[Crawled caption data]
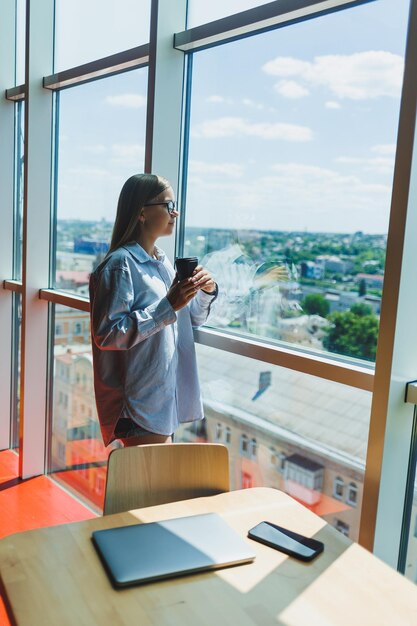 Una joven trabajadora independiente con anteojos está parada con un café cerca de una ventana grande y mirando la ciudad. Una chica con una camisa y pantalones cortos se encuentra en un café junto a la ventana.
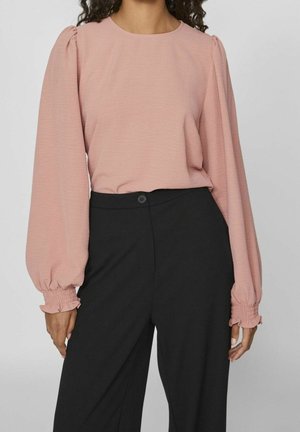 Frau trägt eine langärmelige rosa Bluse mit gerafften Bündchen und schwarze, hochgeschneiderte Hose, steht vor einem einfarbigen Hintergrund.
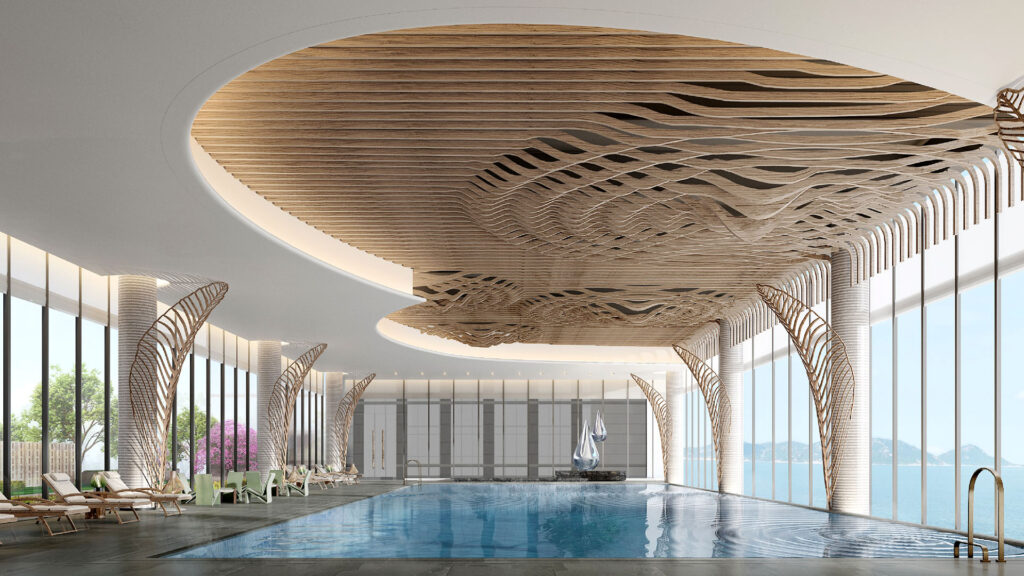 an indoor pool and lounge area with a dramatic sculptural ceiling at Le Méridien Ile Maurice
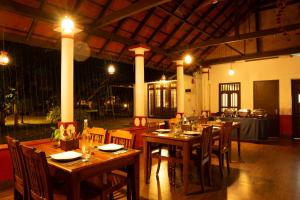 a restaurant with wooden tables and chairs with lights at Palmgrove Lake Resort in Alleppey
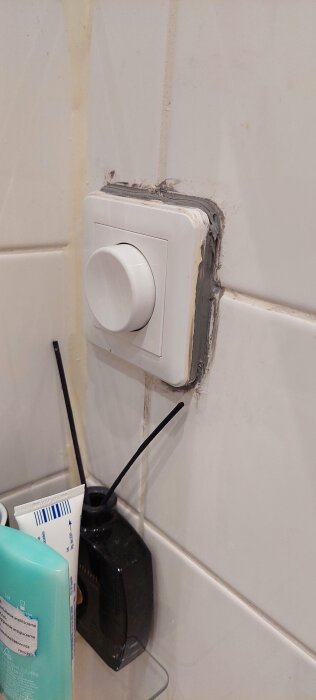 Ljusströmbrytare på vägg med synligt gammalt fog; badrumstillbehör i förgrunden.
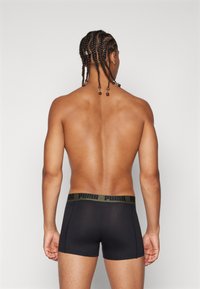 Boxers pretos com uma cintura larga em verde-oliva, apresentando "PUMA" em preto. Tecido suave e ajuste justo, vistos de costas.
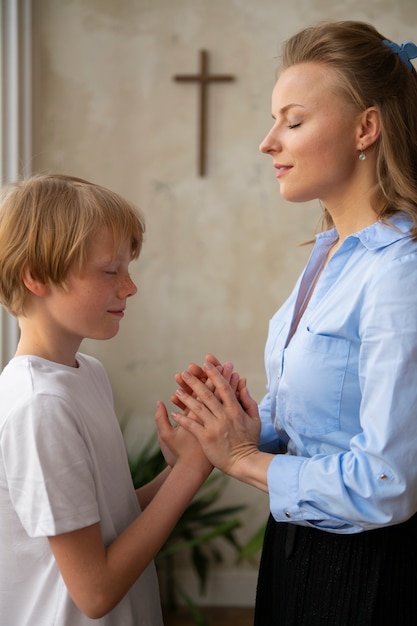 Professeur de vue de côté et enfant priant ensemble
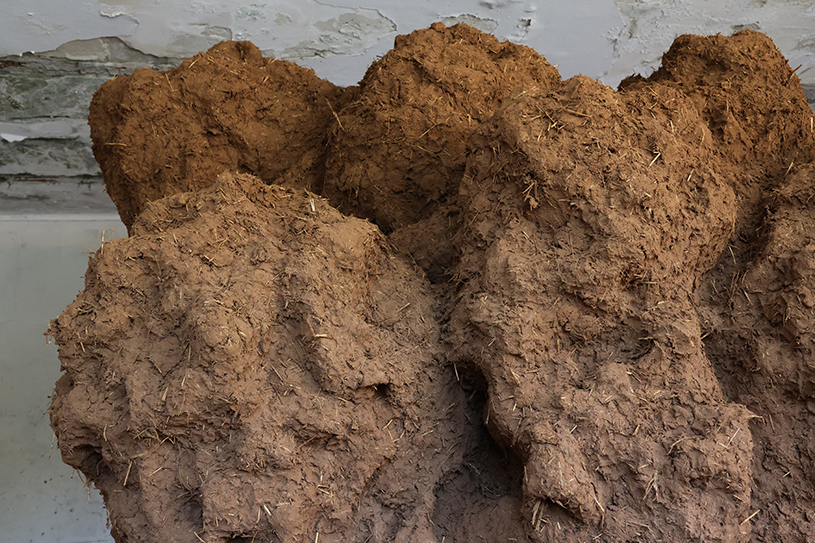bomb cloud sculpture takes shape in soil, straw and water inside abandoned lisbon school - 3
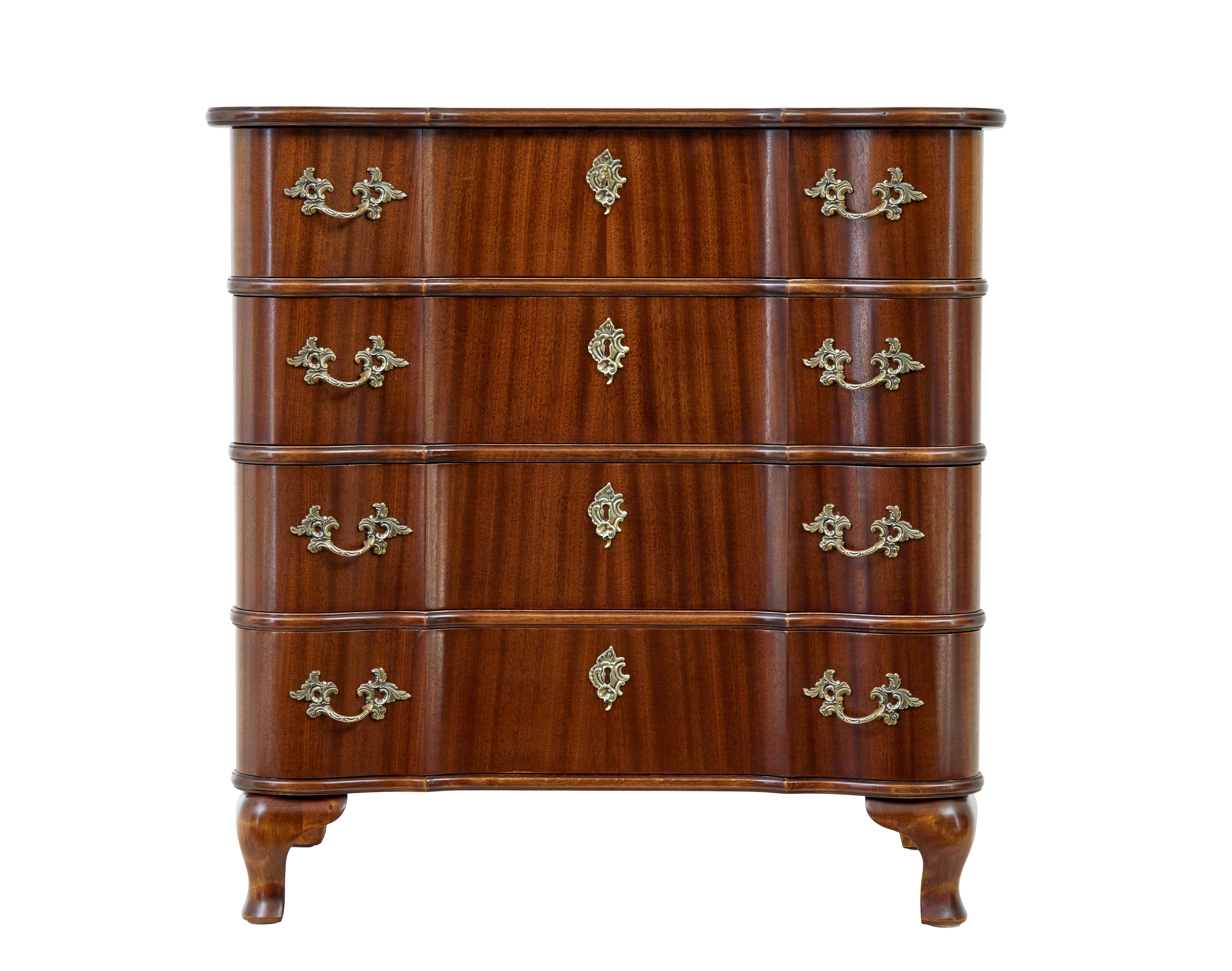 Commodo in mogano di ispirazione barocca della metà del XX secolo, circa 1950.

Cassettone in mogano di produzione danese con cassetti sagomati di gusto barocco.  4 cassetti con piastre ornamentali in ottone ed escutheon.  In piedi su piedi ogivali
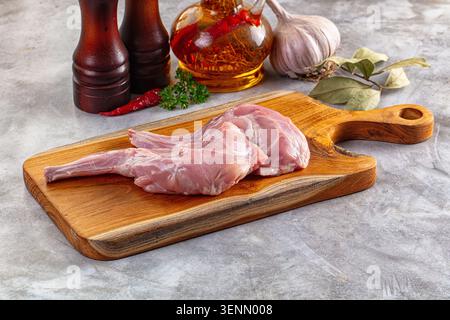 Fresh raw rabbit legs on wooden board with garlic, oil, pepper mills, and herbs on stone surface, ready for cooking preparation Stock Photo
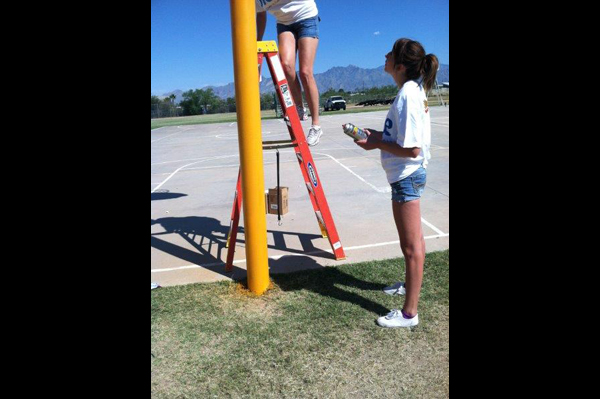 Woman holds pray paint while another climbs on to ladder beside basketball goal on a basketball court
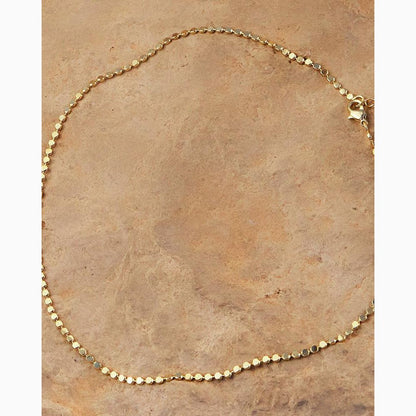 Gold necklace on a textured brown surface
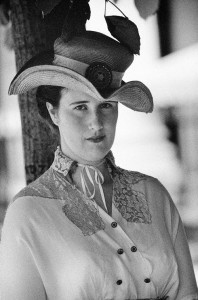 Black and white photograph of a woman from the early 20th century in a patterned dress and a large, ornate hat. She stands in front of a tree, looking calmly at the camera with a neutral expression—a true portrait of bonheur among dames of her era.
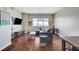 Inviting living room featuring hardwood floors, comfortable seating, and a large window with city views at 150 Las Vegas Blvd # 1118, Las Vegas, NV 89101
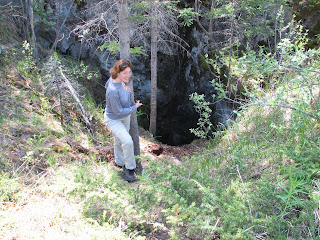 At the entrance to Disaster Point cave in Alberta Canada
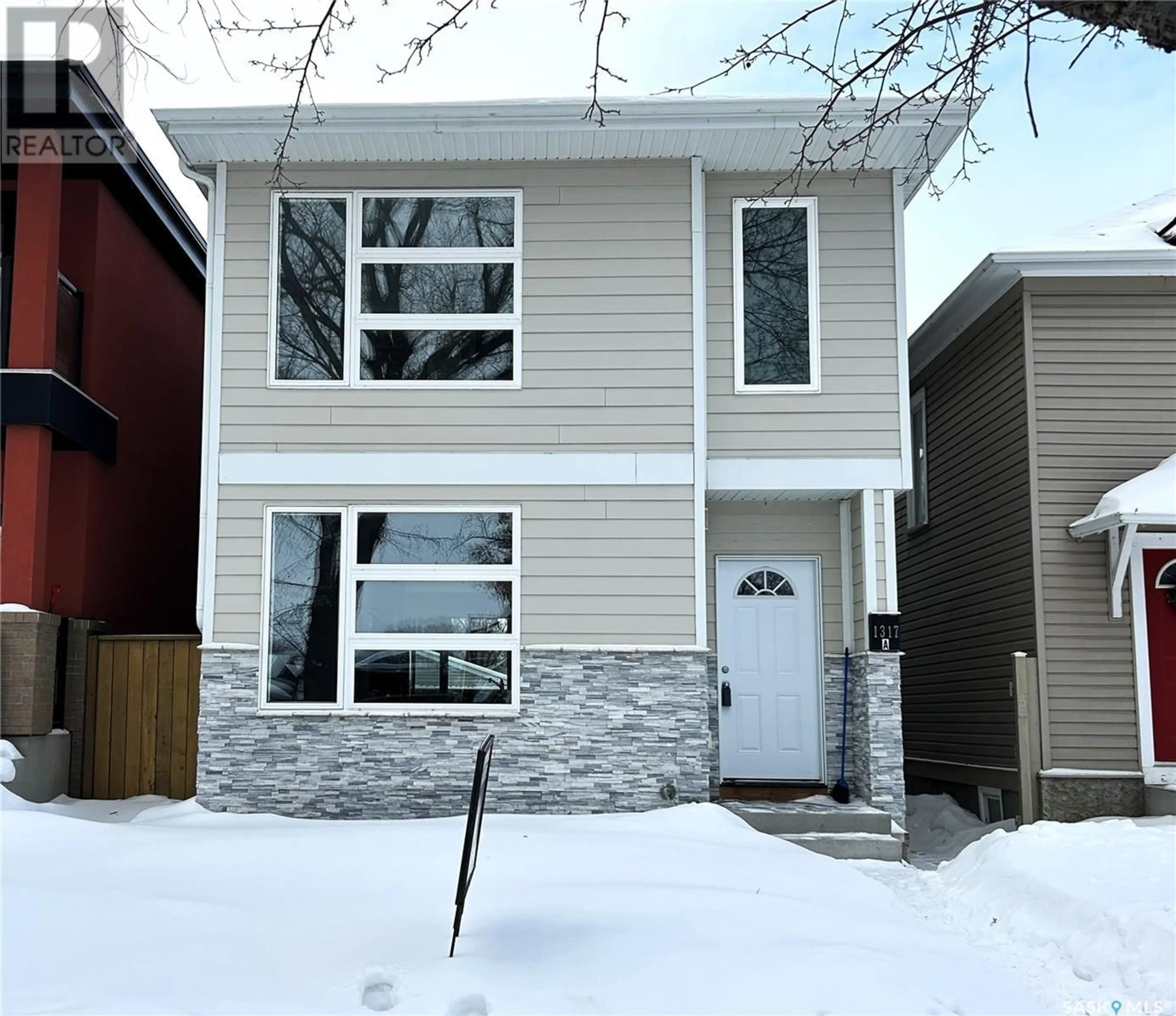 Home with vinyl exterior material, street for 1317 8th AVENUE N, Saskatoon Saskatchewan S7K2X5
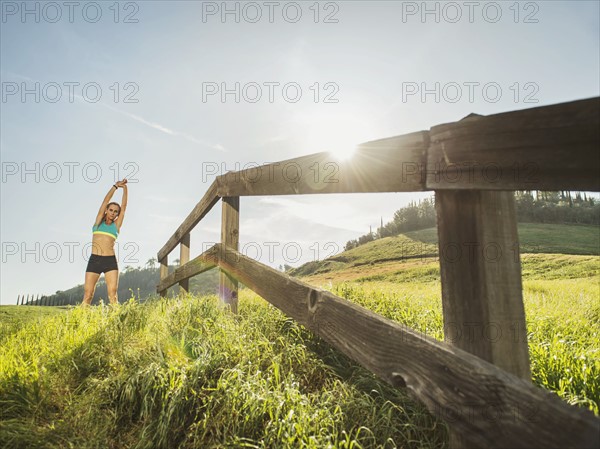 Woman stretching outdoors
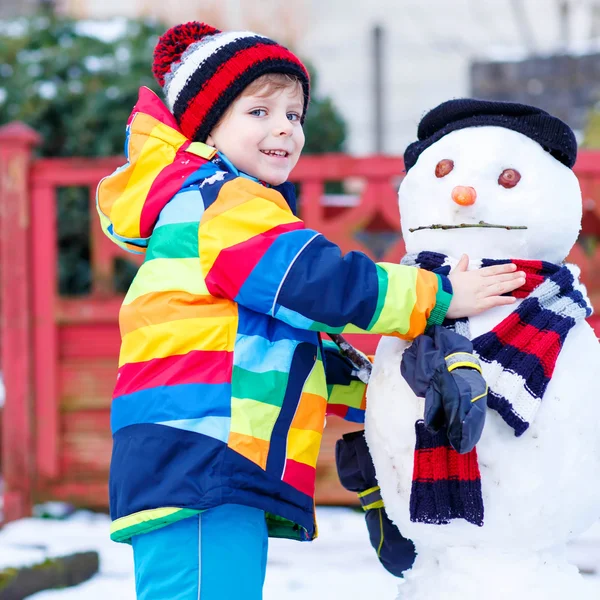 Funny kid boy att göra en snögubbe på vintern — Stockfoto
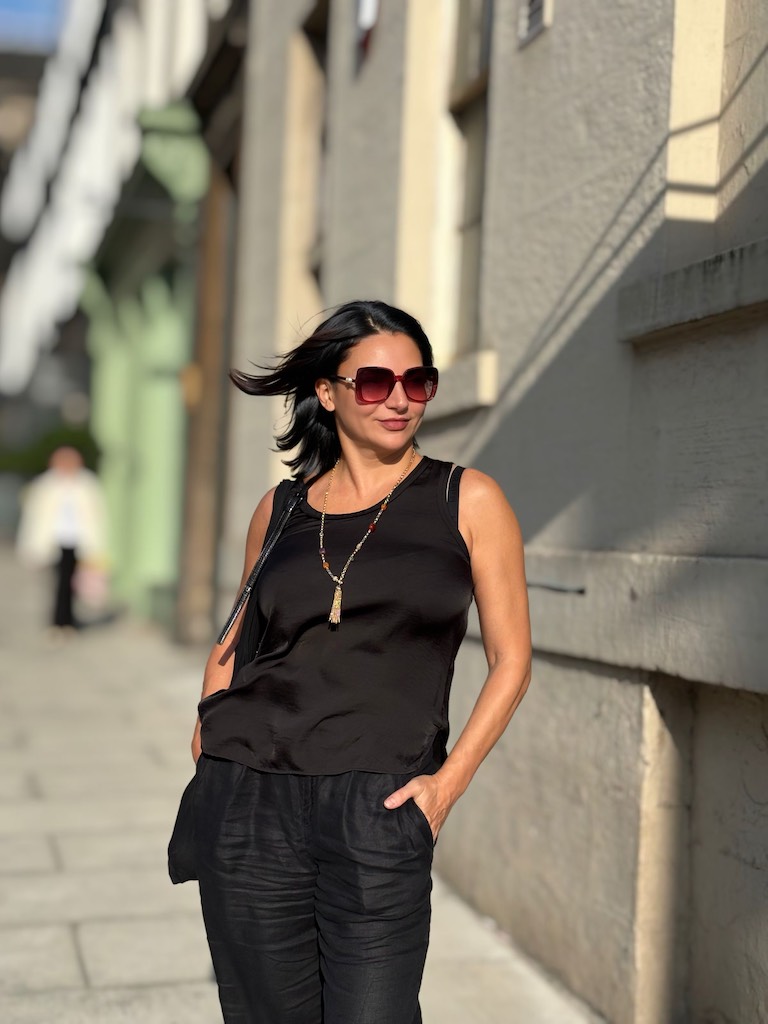 Eteri McKenzie walking confidently on a sunny Edinburgh street, symbolising forward movement and brain transformation through solution-focused hypnotherapy.
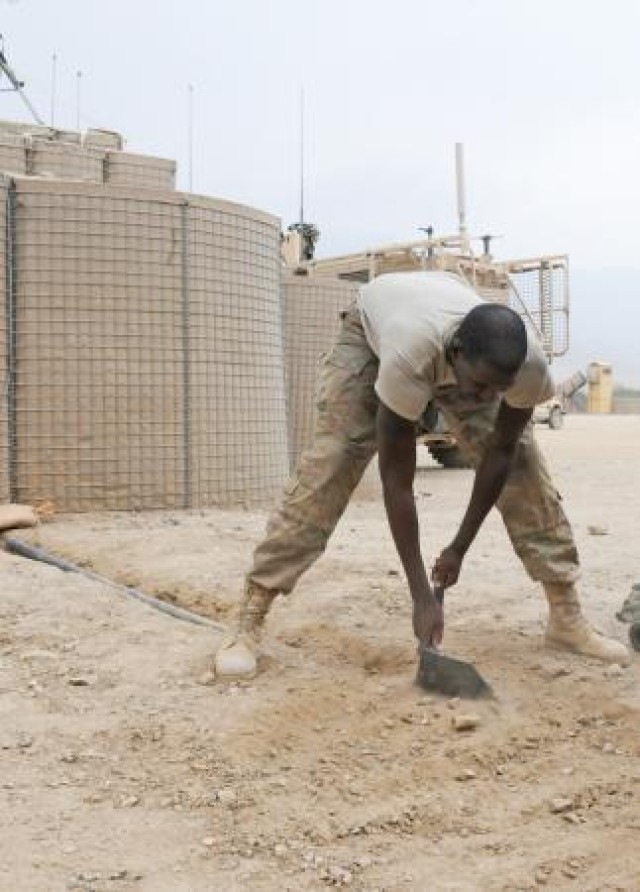 U.S. Army Spc. Oladele Alabi, a multichannel systems operator and maintainer for Headquarters and Headquarters Battery, 5th Battalion 25th Field Artillery, 4th Brigade Combat Team, 10th Mountain Division's Task Force Thunder and native of Los...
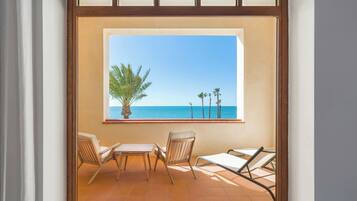 A balcony with a view of the sea, two chairs, and a small table.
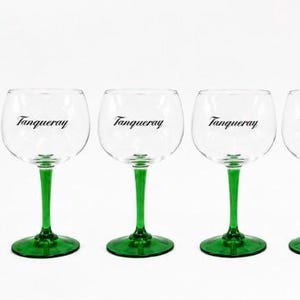 Może przedstawiać: Zestaw sześciu przezroczystych kieliszk&oacute;w do ginu z zielonymi n&oacute;żkami i podstawami. Na każdym kieliszku znajduje się czarny napis "Tanqueray". Kieliszki mają około 18 cm wysokości.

* _Try it_: Among the entries above, copy exactly the stretch from the line holding "At the entrance" through the line holding "Funny kid boy", leaving out any pictures.

* _Written reply_:
 At the entrance to Disaster Point cave in Alberta Canada
 Home with vinyl exterior material, street for 1317 8th AVENUE N, Saskatoon Saskatchewan S7K2X5
 Woman stretching outdoors
 Funny kid boy att göra en snögubbe på vintern — Stockfoto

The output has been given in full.